A fare da sfondo alle riflessioni del pomeriggio di sabato, il libro “Franca Ongaro Basaglia. Saggi e testimonianze. Con un’intervista inedita”, edito da Meltemi Editore, casa editrice specializzata in scienze sociali ed umane. Il volume è stato curato da Ernesto Venturini, che lavorò assieme a Franco Basaglia negli ospedali di Gorizia, Trieste ed Imola e, soprattutto, aderì con convinzione al movimento culturale e politico che si batté per il superamento della struttura del manicomio e per un nuovo approccio alla salute mentale. Consapevole del fatto che «la legge di riforma della salute mentale è stata il frutto di un grande lavoro politico collettivo. Troppo spesso, però, le donne sono rimaste nascoste: tra queste, Franca Ongaro. Ricordata semplicemente come “la moglie di Basaglia”, Franca è stata una protagonista determinante di quel cambiamento epocale, al punto di ampliarne gli orizzonti antistituzionali» ha detto Venturini, che ha voluto ridare dignità alla figura di Franca Ongaro, ricostruendone un’ampia biografia e raccogliendone i principali scritti. Ad arricchire il lavoro, un’intervista inedita, l’ultima data (senza saperlo) da Franca Ongaro, realizzata da Stella Goulart.
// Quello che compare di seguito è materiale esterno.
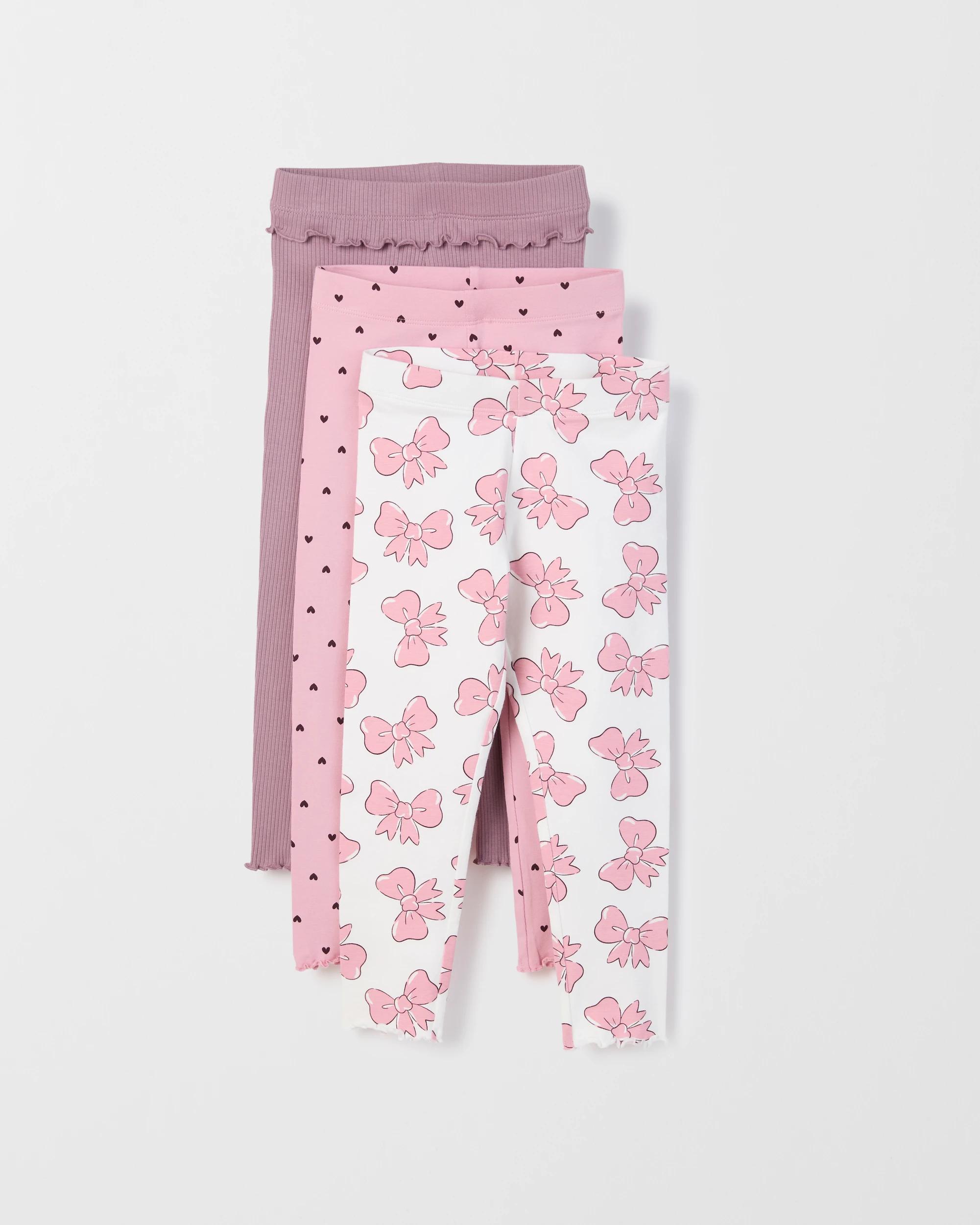 1 Target Kids Australian Cotton 3 Pack Leggings PINK AOP BOW, 1 of 4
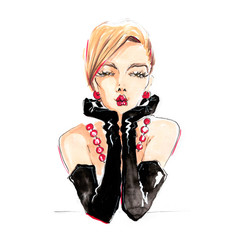 Beautiful girls send an air kiss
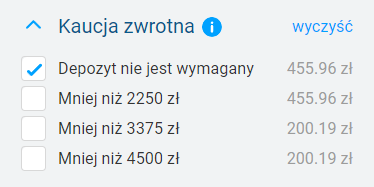 filtrowanie ofert wynajmu samochodów według opcji "depozyt nie jest wymagany"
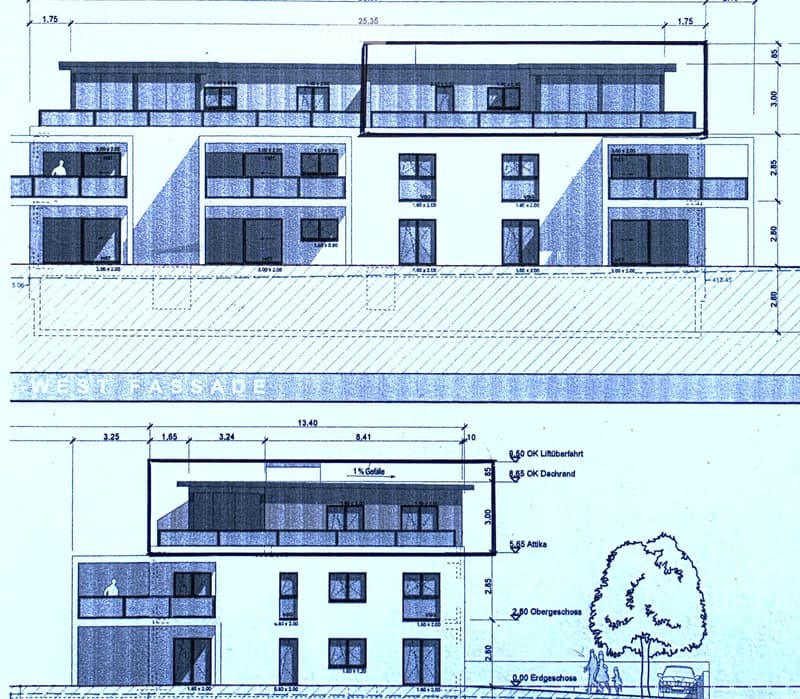 Floor plan of a multi-story building with labeled rooms and dimensions, including living areas, bedrooms, and bathrooms.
Attualizzando la tematica, è notizia di questa settimana la pubblicazione di un report sullo stato della salute mentale degli adolescenti – potete leggere l’articolo completo, “Where in Europe do teenagers have the best and worst mental health?”, curato dal sito di informazione Euronews, a questo link. Realizzato dall’European School Survey Project on Alcohol and Other Drugs (ESPAD), è una statistica, espressa in punti percentuali, di tutti i paesi membri dell’Unione Europea, divisa per sesso. La media è la seguente: il 49% delle ragazze ed il 69% dei ragazzi intervistati dicono di godere di una buona salute mentale. È evidente che una buona fetta di popolazione giovane – più della metà, nel caso femminile – soffre: a loro Franca Ongaro avrebbe dedicato la sua attenzione. Non a caso, uno dei suoi primi libri, “Manicomio perché?” era stato scritto pensando ai giovani. Ma non solo di loro si sarebbe preoccupata. Massimo Cirri fa presente che «alla domanda “cosa la colpì di più, entrando in manicomio?”, lei rispose: “l’odore”». E lancia un appello: «Franca Ongaro era capace di una sensibilità olfattiva. Ebbene, ci sono ancora molti luoghi in cui, se abbiamo una certa sensibilità politica olfattiva, ci rendiamo conto che c’è tanto orrore. Per fare solo un esempio, i CPR» dice infine, sottolineando le pessime condizioni in cui gli stranieri si trovano nei Centri di permanenza per i rimpatri.